Un chirrido agudo resonó, y tras un estruendo, la esfera de piedra de cien metros de diámetro en el cielo fue perforada. Aparecieron grietas rápidamente, y la esfera se desmoronó.
"Pensé que era una técnica difícil de manejar, así que usé toda mi fuerza. Un error de cálculo."
Murmuró la Reina Hormiga, y se oyeron pasos.
"No te preocupes, solo estaba limpiando el terreno."
Mizuki entró en las ruinas del palacio. El Viejo Humo y Chen estaban a su izquierda y derecha. Al frente estaba el presidente. Los tres rodearon a la Reina Hormiga. Chen estaba más lejos, y el más lejano era Su Xiao.
"¿Limpiando el terreno? ¿Tienen algún medio de ataque a distancia?"
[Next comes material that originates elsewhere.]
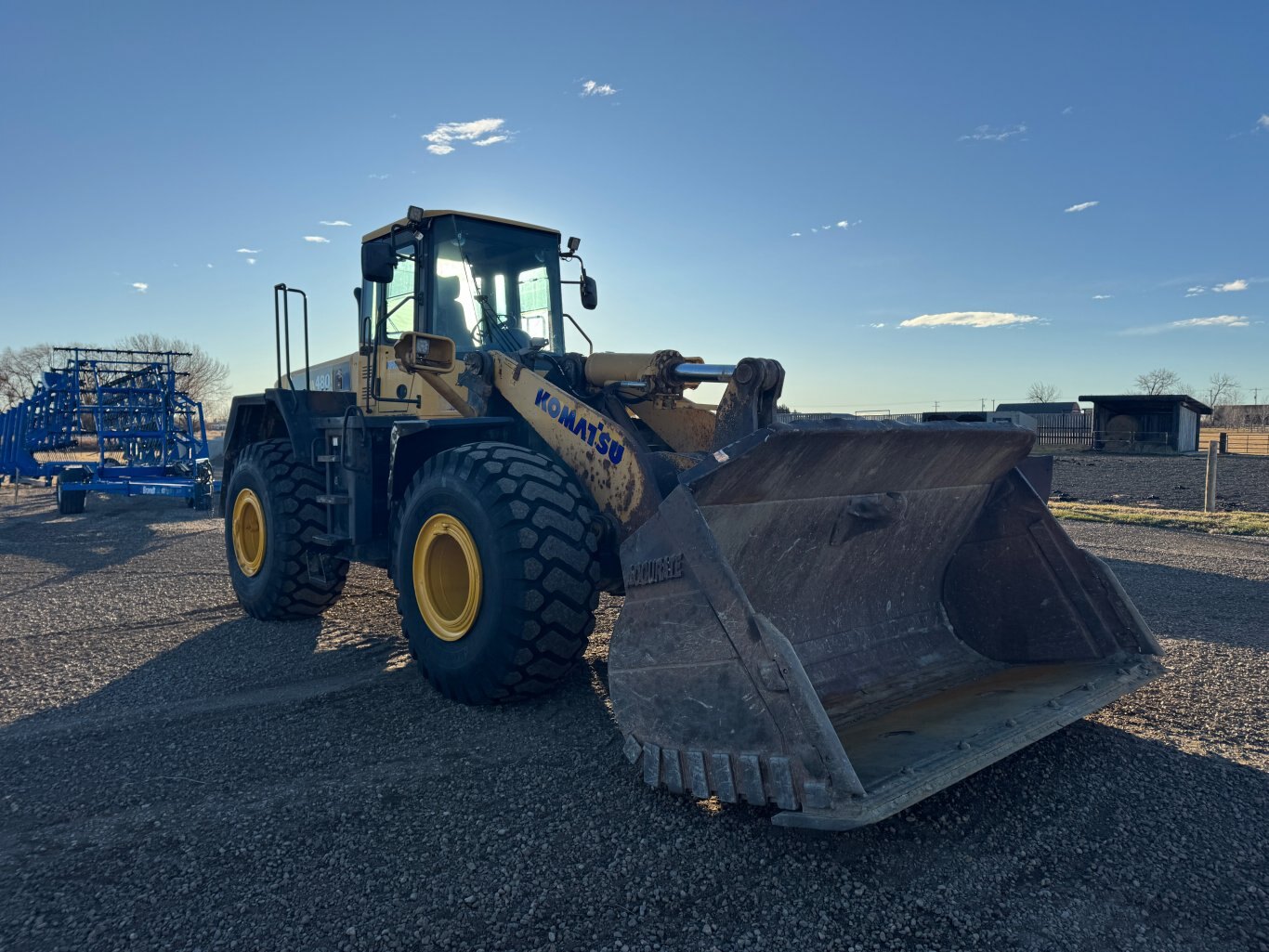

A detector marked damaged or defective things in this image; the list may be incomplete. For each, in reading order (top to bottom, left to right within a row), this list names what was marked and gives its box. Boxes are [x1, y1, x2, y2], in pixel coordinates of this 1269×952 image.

rusty steel bucket [608, 421, 1162, 832]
La mirada de la Reina Hormiga recorrió el entorno, y pronto notó la torre de vigilancia lejana.
En la torre de vigilancia, Su Xiao apuntó con la mira a Mizuki. Mizuki torció la boca.
"Oye, oye, oye, no me apuntes con eso, me da escalofríos. No le des importancia a mi error anterior, yo me encargaré de la Reina Hormiga."
La expresión de Mizuki era un poco incómoda. Ser apuntada por el Duque de la Extinción tenía esa reacción, era normal.
¿Que Mizuki realmente había cometido un error? Solo un niño de tres años se creería esa explicación.
Un gigante de hielo de diez metros de altura estaba detrás de Mizuki. Todo su cuerpo estaba hecho de hielo, y emitía un frío constante.
Su Xiao volvió a apuntar la mira en cruz hacia la Reina Hormiga. En ese momento, necesitaban que alguien se adelantara a probar la fuerza de la Reina Hormiga.
Su Xiao y Chen no podían hacer eso. Su Xiao estaba a unos 800 metros de la Reina Hormiga, Chen a 300 metros. En cuanto al Viejo Humo y Mizuki, esos dos tampoco servían. La única opción era, por supuesto, el presidente Netero.